▸ **Task statement**
Every entry below must be repeated exactly; skip the pictures.

[Data extracted from a collection]
⁂

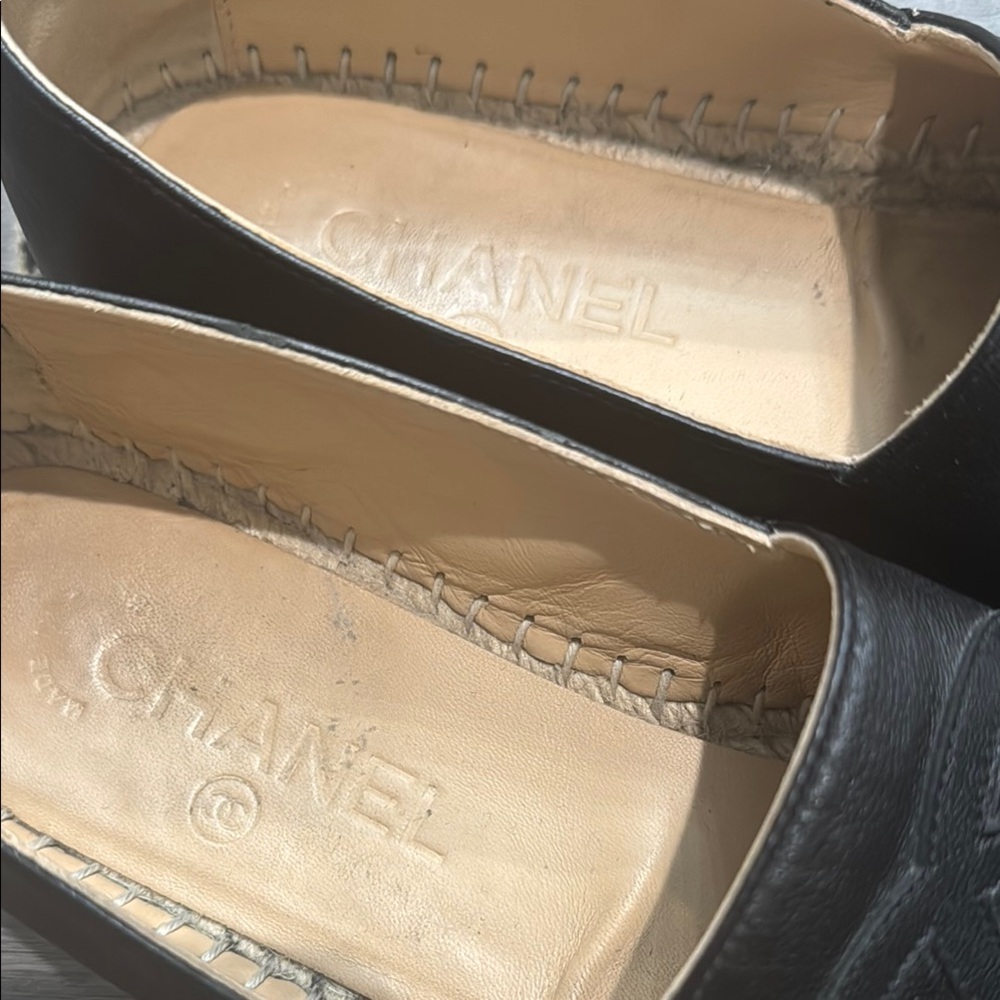 Authentic CHANEL Black Leather Espadrilles - Picture 5 of 10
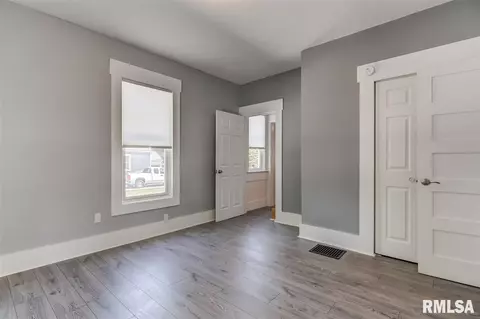 1424 N 4th St, Springfield, IL 62702 photo 17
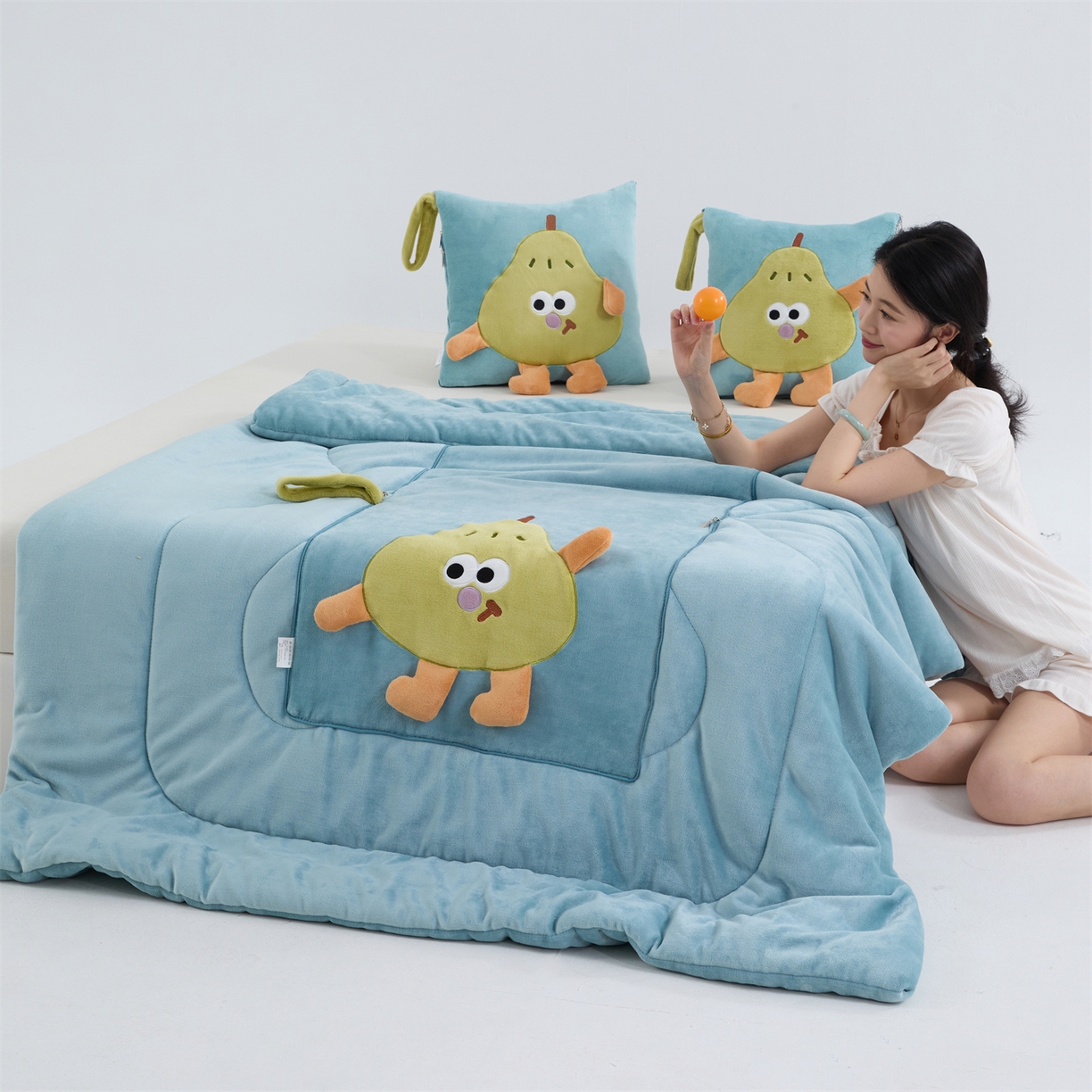 91家纺网 家纺一手货源 找家纺 照世家纺 2025新款牛奶绒抗菌棉pear款抱枕被 秋蓝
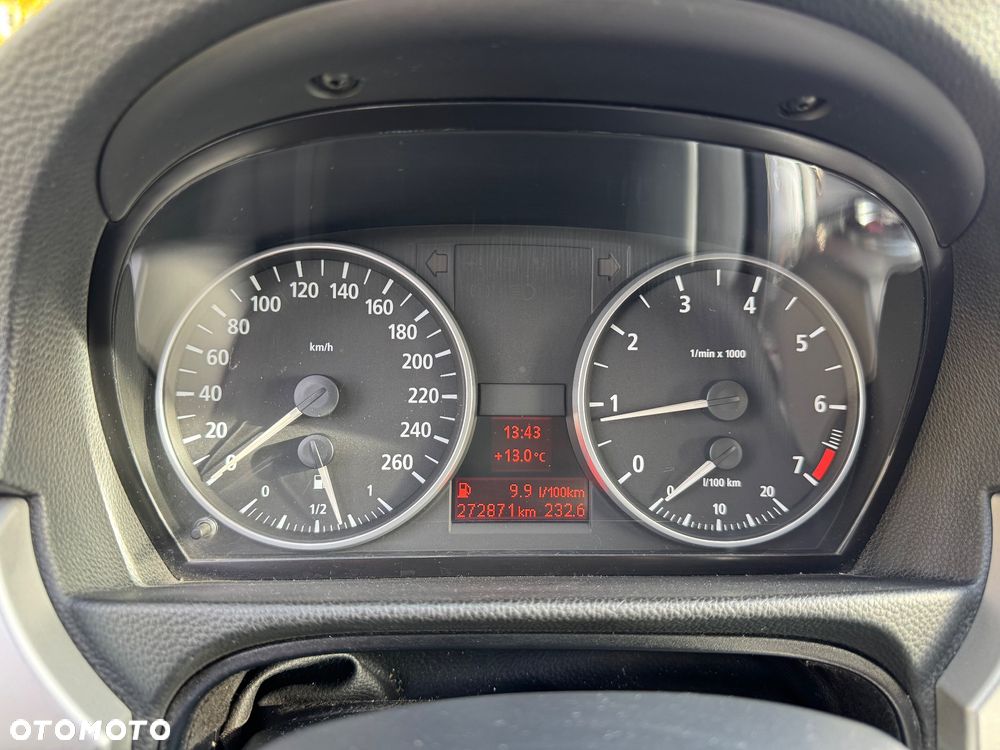 BMW Seria 3 320i - 18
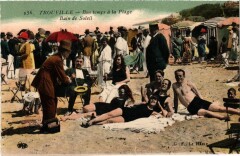Trouville Bon temps a la Plage France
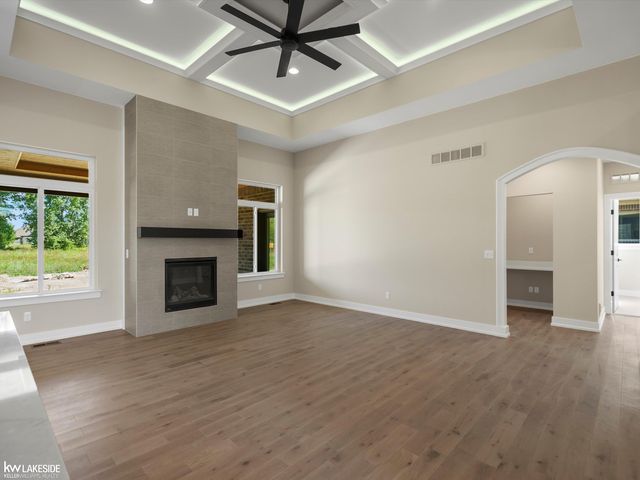 19335 Springbrook Drive 177, Macomb, MI 48044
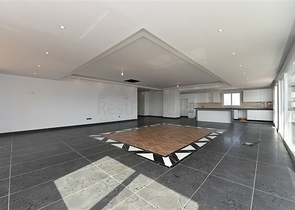 اطلالة بحر وقلعة - دوبلكس واسعة 550 متر مربع- مركز الانيا 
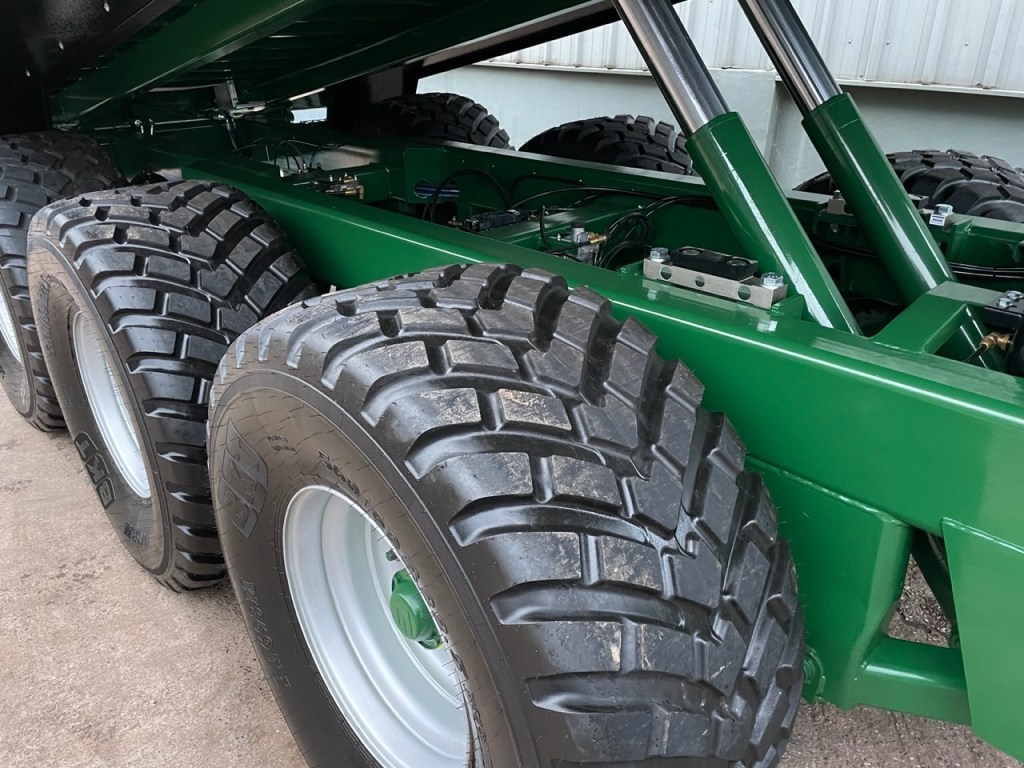Bailey 18 Ton Tri-Axle grain trailer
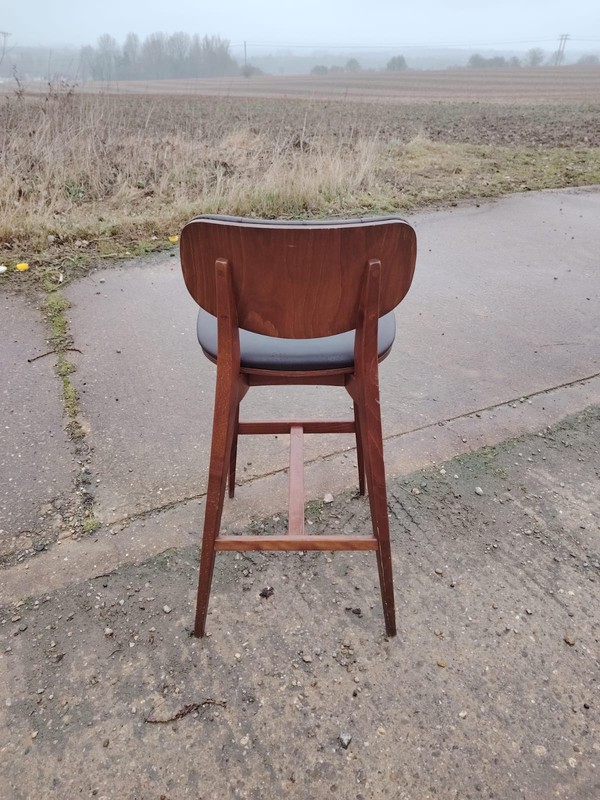 Used 102x Restaurant Chairs & Bar Stools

⁂

▸ **Response to the task**
 Authentic CHANEL Black Leather Espadrilles - Picture 5 of 10
 1424 N 4th St, Springfield, IL 62702 photo 17
 91家纺网 家纺一手货源 找家纺 照世家纺 2025新款牛奶绒抗菌棉pear款抱枕被 秋蓝
 BMW Seria 3 320i - 18
Trouville Bon temps a la Plage France
 19335 Springbrook Drive 177, Macomb, MI 48044
 اطلالة بحر وقلعة - دوبلكس واسعة 550 متر مربع- مركز الانيا 
Bailey 18 Ton Tri-Axle grain trailer
 Used 102x Restaurant Chairs & Bar Stools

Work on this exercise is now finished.